As a community we are used to living with a level of uncertainty about our health. Being diagnosed with MS means that we have had to find ways to manage anxiety and uncertainty about the future and our wellbeing. In many ways we are well equipped to deal with the lack of clarity there is about the COVID-19 pandemic and what’s ahead. While many of us might be regarded as ‘high risk’, I have every faith that the OMS community have the tools and the mindset to weather this storm.
While 'information is power' there is no doubt that in excess it can be overwhelming. It may be helpful to make a plan about when and what information you will look at. Today, news broadcasting is 24/7 and instantaneous, escalating our anxieties constantly. Repeatedly. But realistically we only need one (sensible!) and cohesive update on the world’s news a day.
It’s also helpful to avoid beginning and ending your day watching the news. The images and words we experience last thing at night can leave a powerful imprint and disturb our sleep. It can help to plan when you will catch up on the news and avoid updates outside that time. Worrying is understandable, however limiting the time you dedicate to thinking can prevent overwhelm. Similarly, taking some control and disabling news notifications on your phone (ping!) or pausing before you Google, to ask “Is this urgent? Do I need to do this right now? Is this going to help me?”
While social distancing and self-isolating may seem daunting I have seen some great information that has been reminding people to focus on the things that we can do, rather than what we can’t. Okay, I can’t hug you but I can listen to you. I can hear what your worries are.
We are creatures of habit so disruption to our routine feels frustrating and can be confusing for children who are home from school. It can help us all to stick to some of the same ‘patterns’ during the day. Getting up at the same time, getting dressed and maybe even creating a ‘work area’ in the home if you have the space.

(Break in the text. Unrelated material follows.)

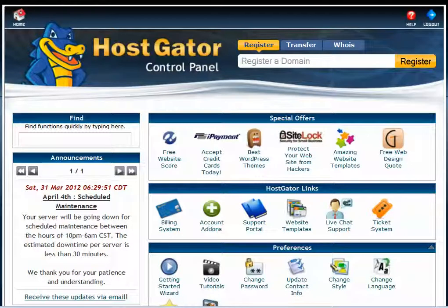Hello, this is Shirley. I want to give you a quick screencast on how to claim your Google AdWords credit of $100 that should be on your HostGator control panel if you recently acquired an account at HostGator. Most people are afraid to even log in to their cPanel or control panel, so let's take the fear out of that.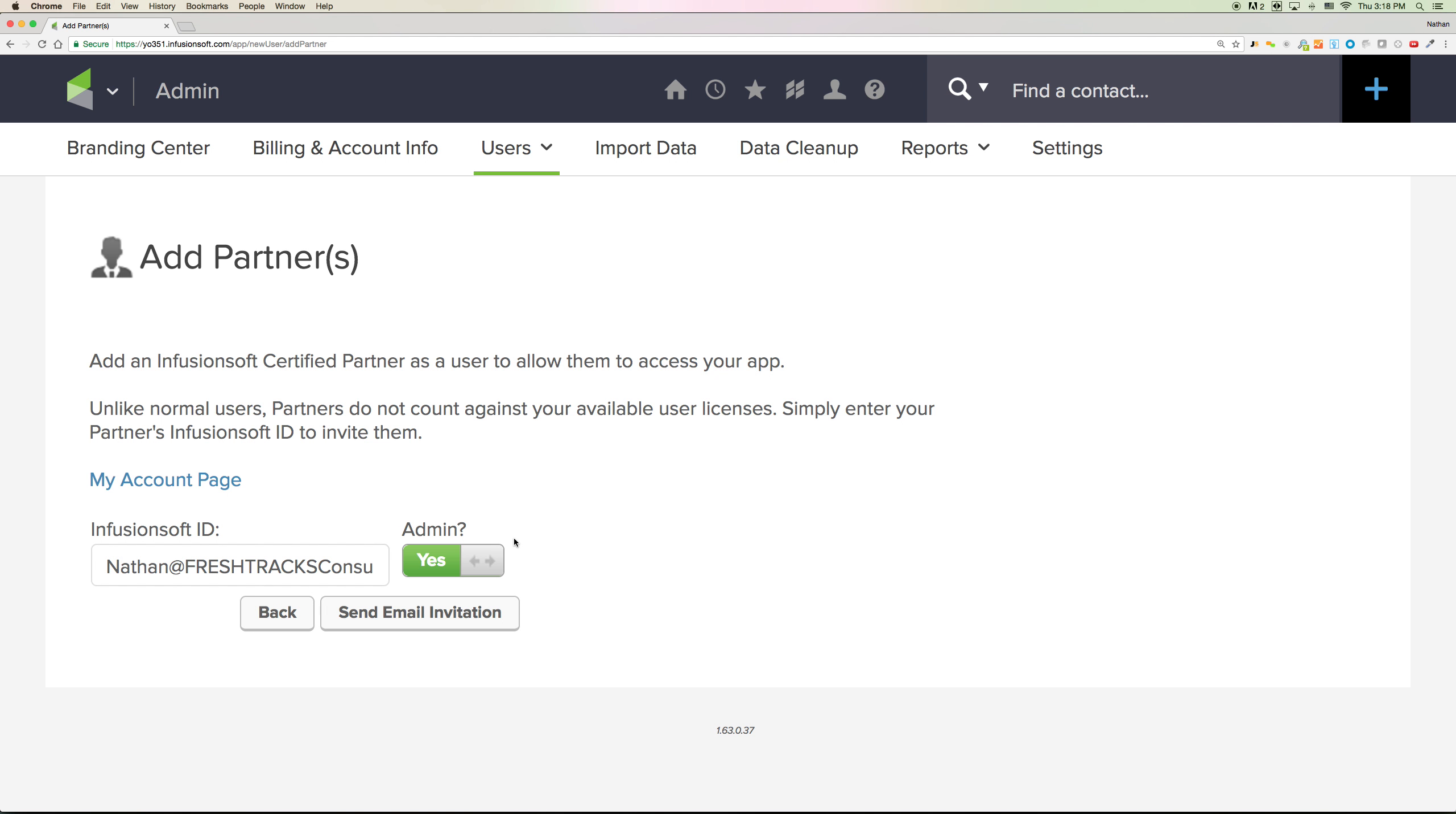And then once you've sent this email to me, I'll be able to help you get started and set up faster. And that's it. That's all we need to do to get going. I hope this helps. Have a good day and we'll talk to you soon.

Integrating bursts of exercise is good for mind and body! Be it football in the garden, hand weights (baked bean tins?) or yoga tutorials online. Importantly, trying to change the lens through which we view these restrictions can open up the possibilities of what is possible, rather than what is not. While we are socially restricted, there are so many things this doesn’t affect. While it may not seem important in the grand scheme of things that are happening in the world, it is so important that we do the things that keep us well and we should not under-estimate their importance.
There is huge value in doing small things; the things that bring us pleasure, connect us and nourish us (or simply distract us!) – be it gardening, reading, praying, writing, sorting out all those photos (*which I keep putting off). Integrating meditation or downtime into your day now seems more important than ever.
How lucky we are that in a time of social distancing most of us are equipped with technology that helps us stay connected to others. I have been so grateful for this over the last few days – it has allowed me to continue to work, support my students and importantly remain connected to my family and friends. It allows me to order most things from food to new reading books for my kids, and search for the recipe for vegan waffles. I’m even playing an (ongoing!) online game of Scrabble with an elderly and isolated member of the family.
There’s been such a heart-warming response among communities and local businesses; people pulling together and thinking of others. The OMS community is one step ahead with this, of course! I am filled with gratitude for this, and for the scientists and leaders who are working so hard to understand and manage this situation, and so proud of my colleagues, family and friends working in healthcare. It’s okay to be afraid, but like I tell my children, ‘when you see bad stuff happening, look for the helpers. There’s always helpers’.
Ironically, this awful situation and the isolation may be the very thing that brings us all together. We may be in ‘lockdown’ but we are not alone. Be kind to yourself and stay connected.